And finally I fail to see how the low life Turks you met match with this example. I am not talking about some specific examples I encountered or got resented and bitching about it, I am talking about the whole population and general attitude towards foreigners. When you went to Turkey, if all guys treated you the same over a large area, the size of Netherlands, then you have every right to spell it out.

 

Is the area of Kusadasi, Bodrum, Marmaris, Antalya big enough for you? And also in the bus to Konya. I have had times where it felt like the whole of Turkey was out for either my money, a visa, or to cheat on their wives/girlfriends. But I also went out of my way to find decent people.

If you don´t feel comfortable in the town you are living in, perhaps it´s time for you to move instead of joining an internet forum just to vent this frustration. Just like I don´t go to certain Turkish sea-side resorts anymore, since the people there make me puke.

 

By the way... I have to note that there is a certain type of Turkish man that rubs me the wrong way too. I am not attracted to this type at all, and in general they tend to be highly educated so it´s not about visa´s or money. There seems to be a cultural difference between me and them. And when I make clear that I´m not interested in them, they start to blame me, or accuse me of being superficial, saying I´m not attracted to them because of their non-athletic looks. This silly childish blaming makes them even more unattractive! They are coming on too strong, too fast. This might be the Turkish way, the romantic lover, the hunter, but for a girl like me this is irritating. I don´t even want to be friends with such a person. Perhaps part of your problem is a difference in culture. Turkish men can be frightening to people from a more distant and cool culture.
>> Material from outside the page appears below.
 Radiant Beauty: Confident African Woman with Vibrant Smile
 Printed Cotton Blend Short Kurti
Edited (4/4/2011) by barba_mama

11.       newquaker
28 posts
 04 Apr 2011 Mon 10:45 pm

@vineyards

 

I understand your points which kinda make sense, but to my surprise, even though Europeans exhibited a much more openly racist behavior against me due to historical steretypes or events, I was still much more comfortable with the Europeans, both men and women, compared to Americans. And when I give you examples, it´s not necessarily something that happened to me, but rather and amalgamation of the experiences of my foreigner friends including Turks and me. I just overheard this conversation between two of my classmates, for example:

 

Omer : American girls are difficult, don´t you think?

Mike : Hmm, not really, not with me at least.
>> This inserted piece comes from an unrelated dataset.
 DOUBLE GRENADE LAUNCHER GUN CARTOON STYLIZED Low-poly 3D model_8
Omer : I´ve been with more foreign women than Turkish and Americans were clearly the toughest to deal with and they made little sense.

Mike : I don´t agree but it´s probably because you´re foreign.

 

I am just literally conveying the conversation. I remember many other occasions like that, and not necessarily in romantic situations. In Europe, many people had prejudices and outright racist behaviors against Turks but they were willing to get to know you and once they did (if you have a decent character), your Turkishness was an advantage above all, since it was a source of curiosity. This was the case with me and many of my Turkish friends. In the US, however, my foreignness, not necessarily Turkishness, led them to being completely indifferent towards me.

 

After reading the comments here yesterday, I went straight to my American housemates and asked what they thought... We agreed that it has something to do with the upbringing (which most likely relates to xenophobia). This is a different sentiment though, it´s not due to historical reasons but more about modern uncertainties and phobias. Because unlike in Europe, where they hate me just because I am Turkish (in relevant situations), in America, people don´t hate me, but rather don´t wanna be involved with a foreigner since they feel uncomfortable with foreigners/strangers.

 

Generalization is always wrong to some degree, but it serves to simplify an important message. Of course not all women are the same, in any country, but it yet points to a situation, different than other countries, which is useful for comparison purposes. And if we´re not to like people for generalization, it´s again the Americans who generalize things the most. They see all moslem peoples and cultures the same for example. I say, wait a minute, there are over 1,5 billion moslems on eath, scattered around dozens of countries, and they can´t possibly the same, just like two predominantly Christian countries, Nigeria and the USA are in no way the same! So simple, right? But yet mamy Americans fail to understand that. Otherwise, my highly educated friend from Boston wouldn´t call me to see if I was safe (in Turkey) when US was occupying Iraq! A European woman would never do that!

 

I never defined a typical Turk but I know that I am not a typical Turk. You know this when you look around and see that you´ve been obviously different from most of the people around you all your life, which was also articulated by many people! One friend from New york literally said this about me, "Even though you´re very Turkish in many ways, yet You´re so different from all the Turks I have known". A typical Turk, if you will, wants his wife to assume his traditions and religion. He likes soccer a lot. He yanks about the deviant behaviors of American women yet He enages in sexual activities with foreign women but usually don´t wanna marry them since he thinks they are not chaste. He´s usually not very timely, and few minutes of late is not really later for him. He loves his culture but cannot explain exactly why. He thinks he has an enourmous history but he knows little about the world history. He likes his language but he is usually clueless about others. He likes and/or respects his religion but have no clue about others... He thinks Turks came from Central Asia but cannot explain why he doesn´t look Kazakhs or Kyrgyz!... and so on... I am absolutely not this person, not that anything wrong with it.

 

Actually I never had a problem understanding women, I just have a problem understanding American women. Well, I don´t know if I can call it an "understanding" problem, it´s more of a "solution" problem. The problem is there, obvious, it´s just that I don´t have a solution to that problem yet.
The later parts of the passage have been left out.